Sites that give minors access to "harmful" material could face new taxes under a provision added to Net Tax Freedom Act.

3 min read
Commercial Web sites that give minors access to "harmful" material could face new taxes under a provision added to the Internet Tax Freedom Act by a 98-1 Senate vote today.

The moratorium legislation was debated for most of today and will be voted on tomorrow. Sen. Ron Wyden's (D-Oregon) bill would temporarily halt new or discriminatory taxes on Net access and services for two years.

The House version of the bill imposes a three-year moratorium and "grandfathers" Net taxes passed before March 1998. If two amendments are adopted by the Senate tomorrow its bill will do the same thing.

If passed by the Senate, the bill would have to be approved by a joint-house conference committee before being approved by Congress.

But not all e-commerce sites will be protected from new taxes during the time-out. An amendment introduced today by Sen. Dan Coats (R-Indiana) would exempt an array of sites from the moratorium, unless they check the identification of visitors.

The proposal attempts to lay out an economic disincentive for sites that give underage Net users access to any communication, image, or writing that contains nudity, actual or simulated sex, or that "lacks serious literary, artistic, political, or scientific" value. The provision also requires Net access providers to offer customers products to screen out this material.

Coats had been expected to submit a much more controversial amendment that would make it a crime for commercial Web sites to allow underage surfers to view adult-oriented material deemed "harmful." Violators could be fined up to $50,000 and imprisoned for six months.

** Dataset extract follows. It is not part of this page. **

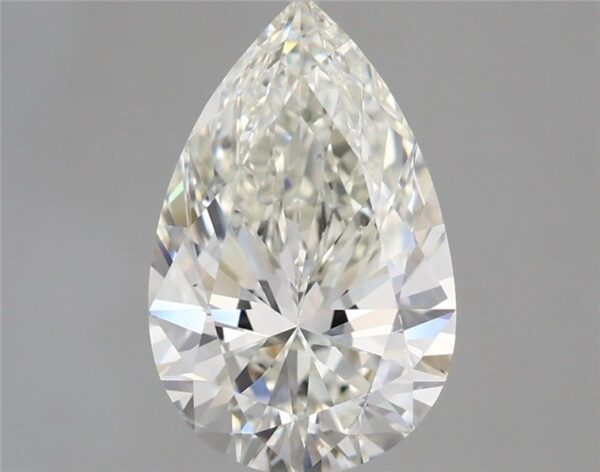 3.01 Carat, Natural White, Pear Diamond ~ J Colour, SI1 Clarity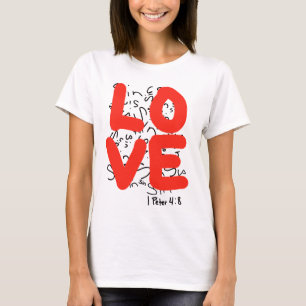 Kärlek täcker en mängd synd t shirt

Still, civil liberties groups say the provision added today also will stifle access to constitutionally protected speech.

"A criminal penalty is harsher than a denial of a tax benefit, but the government cannot make this distinction and only give the tax break based on sites' willingness to censor themselves," said Ron Weich, a legislative consultant for the American Civil Liberties Union Washington National Office.

That legislation, nicknamed the Communications Decency Act II by foes, already passed the Senate as part of a major spending bill in June, and is still being debated by a joint-house conference committee.

Also this week, the House could pass a stand-alone version of legislation that mirrors Coats's CDA II: Rep. Mike Oxley's (R-Ohio) Child Online Protection Act.

Although the CDA II could be ushered into law in a variety of ways, the Net Tax Freedom Act seemed like a good vehicle because President Clinton has agreed to sign the bill and champions it as a necessary tool for fostering e-commerce.

Sites that sell pornography are no doubt some of the Net's biggest money makers and could stand to loose revenue if localities and states are able to slap them with new levies. But the problem, civil liberties groups say, is that "harmful" material could be interpreted differently by various communities and courts around the country.

"Any attempt to regulate online content by labeling it 'harmful to minors' will chill the exercise of free speech on the Net because that standard is highly subjective and will open up Web sites, regardless of where they are physically located, to prosecution anywhere in the country," said David Sobel, general counsel for the Electronic Privacy Information Center.

Coats was an original sponsor of a controversial part of the CDA that made it a felony to send "indecent" material to minors over the Net. That was the portion that was struck down by the Supreme Court last summer on grounds that it was vague and broadly infringed on adults' rights to free speech.

Since coming up for Senate debate, the Net tax bill has been strapped with other Net-related proposals.

Amendments passed Friday lay out online privacy protections for children and requirements to put government documents on the Net. Senate Majority Leader Trent Lott (R-Mississippi) is said to be working behind the scenes to push an amendment that would reverse Congress's decision in May to retroactively approve up to $60 million in taxes that were collected in Internet domain name registration fees.